Win or lose, Donald Trump’s campaign has changed the way countries in Asia view their relationships with Washington.

Final polling suggests the most likely outcome is a victory for Hillary Clinton. But even Clinton, an architect of the U.S. strategic pivot to Asia, has some work ahead of her in rebuilding trust, analysts and former officials in Asia said.

“With or without Trump, this marks the end of U.S. leadership, in particular, moral leadership,” said a former Japanese diplomat, who asked not to be identified because of the sensitivity of the topic.
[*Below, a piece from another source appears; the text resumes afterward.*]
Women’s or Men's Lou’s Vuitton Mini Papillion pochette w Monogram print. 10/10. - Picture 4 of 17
“I don’t think it’s a question of Trump as an individual, but a question of the U.S. society that produced this man as the Republican candidate.”

Trump upended U.S. democratic traditions during his White House campaign, drawing enthusiastic crowds where people cheered his often provocative and outrageous remarks. Critics labeled him ignorant, uncouth, a racist, hypocrite, demagogue and a sexual predator, all accusations he denied.
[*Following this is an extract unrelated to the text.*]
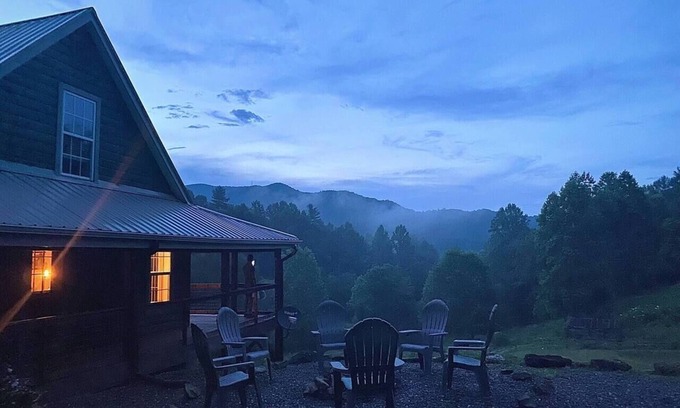 Waynesville Cabin | Elk Meadow Lodge-Picturesque View Hot Tub+Gameroom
He described a dark America, knocked to its knees by China, Mexico and the Islamic state.

Trump’s harnessing of a populist backlash against immigration and global trade has challenged the ideal of benevolent American power that helped shape the global economy – and the forces of globalization – since the fall of the Soviet Union in the early 1990s.

Now the United States faces a rising China, long an economic force and now becoming more assertive in geopolitics – building its military capability and ignoring an international tribunal’s ruling against its claims to most of the South China Sea.

TRANS-PACIFIC PARTNERSHIP

Asia is most worried about trade protectionism – exports make up a quarter of Asia’s GDP and a fifth of them go to the United States.
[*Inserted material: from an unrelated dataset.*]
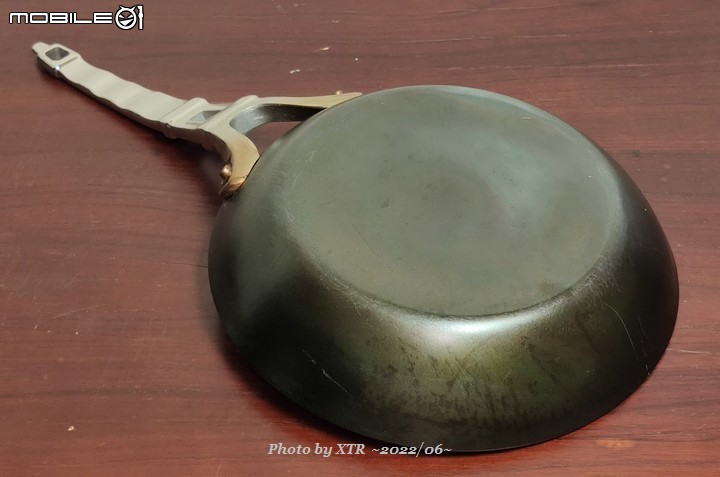 法國貴婦 - de Buyer 畢耶鍋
The Trans-Pacific Partnership (TPP) trade deal, championed by Barack Obama in part to increase U.S. influence in Asia, was to be an essential feature of Washington’s strategic pivot to Asia – an “economic NATO.”

It now looks dead in the water. Both Clinton and Trump oppose the deal, which would set up a free trade zone among 12 countries that excludes China.

Former Indonesian finance minister Chatib Basri told Reuters the TPP “is an important instrument for the U.S. pivot to Asia.”

“There is some kind of a rivalry between America and China, and the way America can get into Asia is with TPP,” said Basri, now a visiting professor at Australian National University.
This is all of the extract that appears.